■ **PROBLEM STATEMENT**
Without including any pictures, reproduce all the lines below word for word.

____ PROVIDED DATA

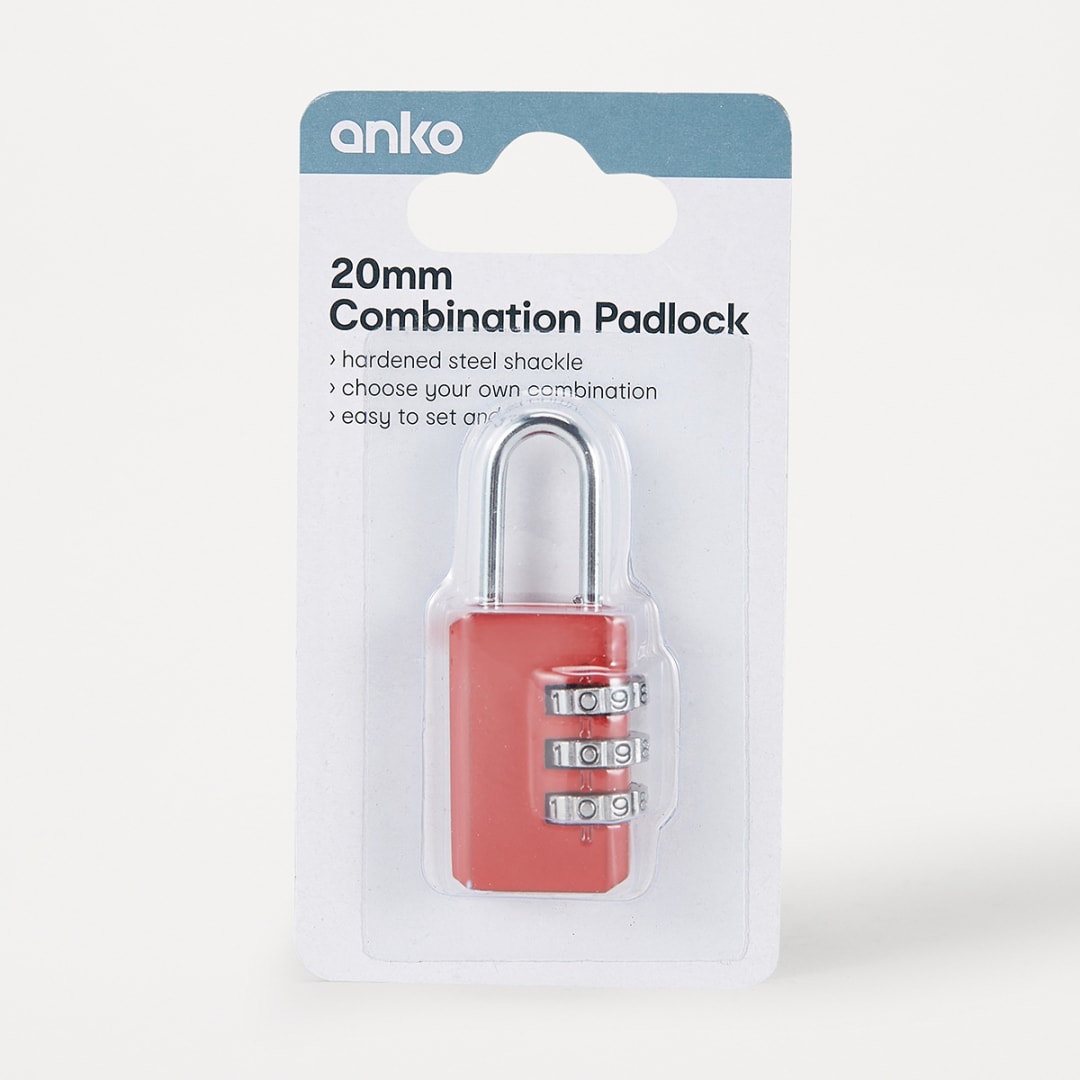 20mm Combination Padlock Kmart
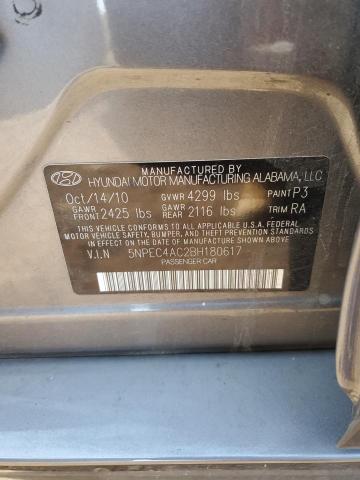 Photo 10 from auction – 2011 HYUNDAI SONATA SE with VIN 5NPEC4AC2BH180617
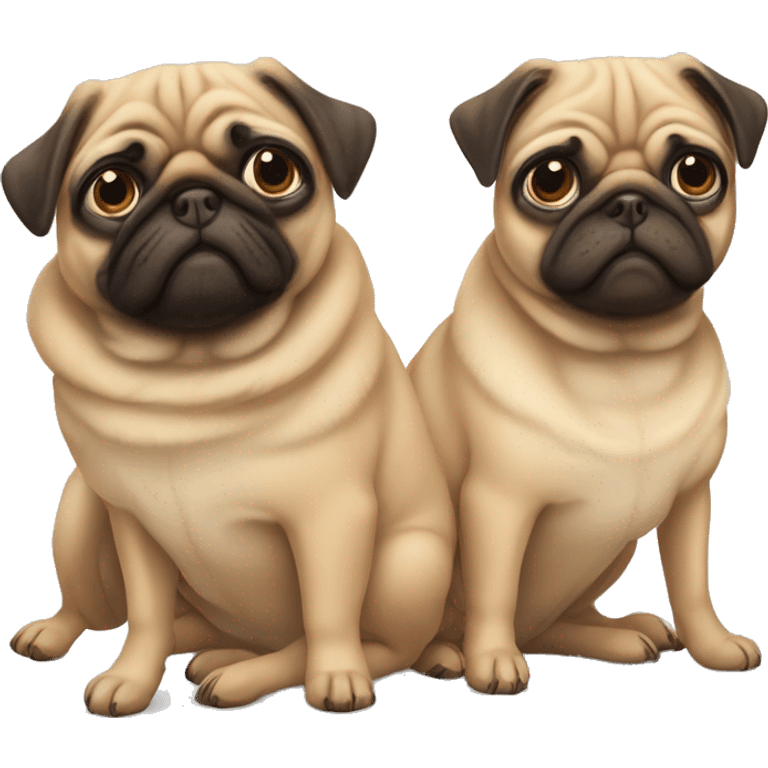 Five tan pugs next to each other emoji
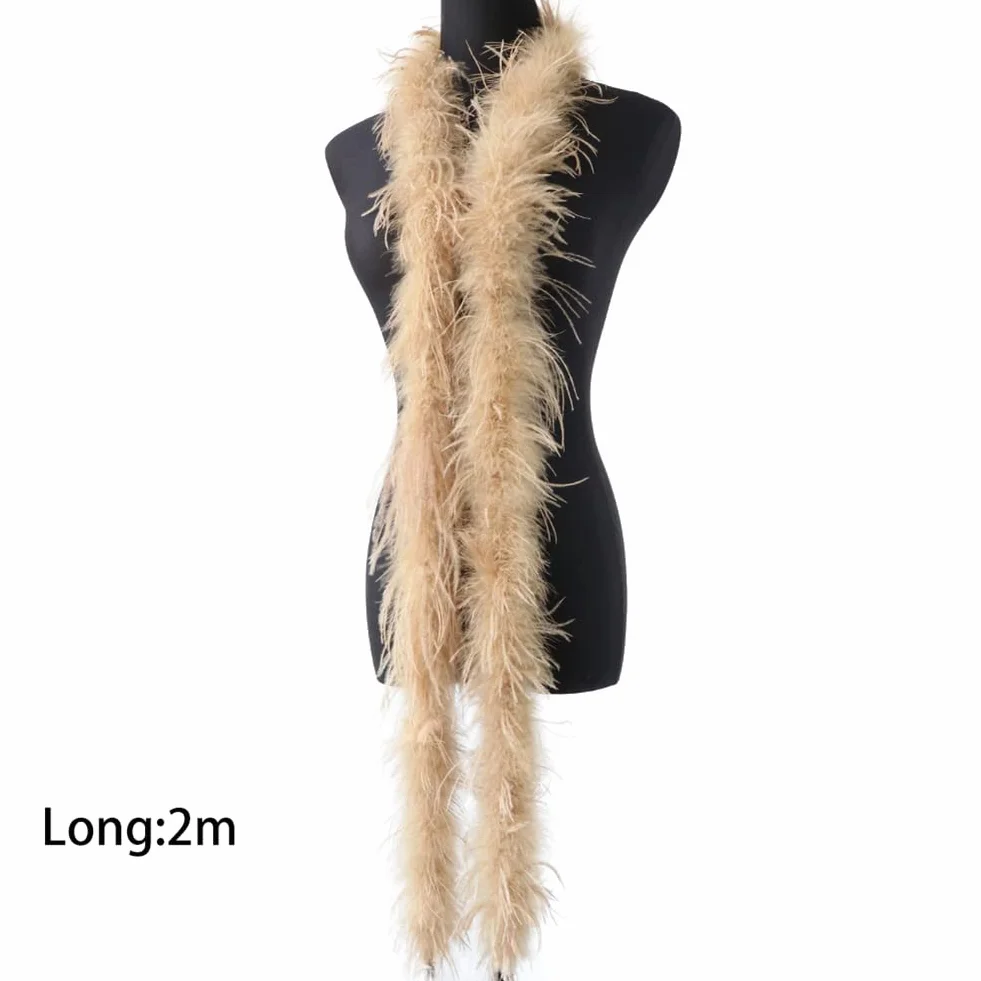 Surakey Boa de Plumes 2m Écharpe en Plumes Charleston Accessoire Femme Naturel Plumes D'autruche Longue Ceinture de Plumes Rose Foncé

________

■ **OUTPUT**
 20mm Combination Padlock Kmart
 Photo 10 from auction – 2011 HYUNDAI SONATA SE with VIN 5NPEC4AC2BH180617
 Five tan pugs next to each other emoji
 Surakey Boa de Plumes 2m Écharpe en Plumes Charleston Accessoire Femme Naturel Plumes D'autruche Longue Ceinture de Plumes Rose Foncé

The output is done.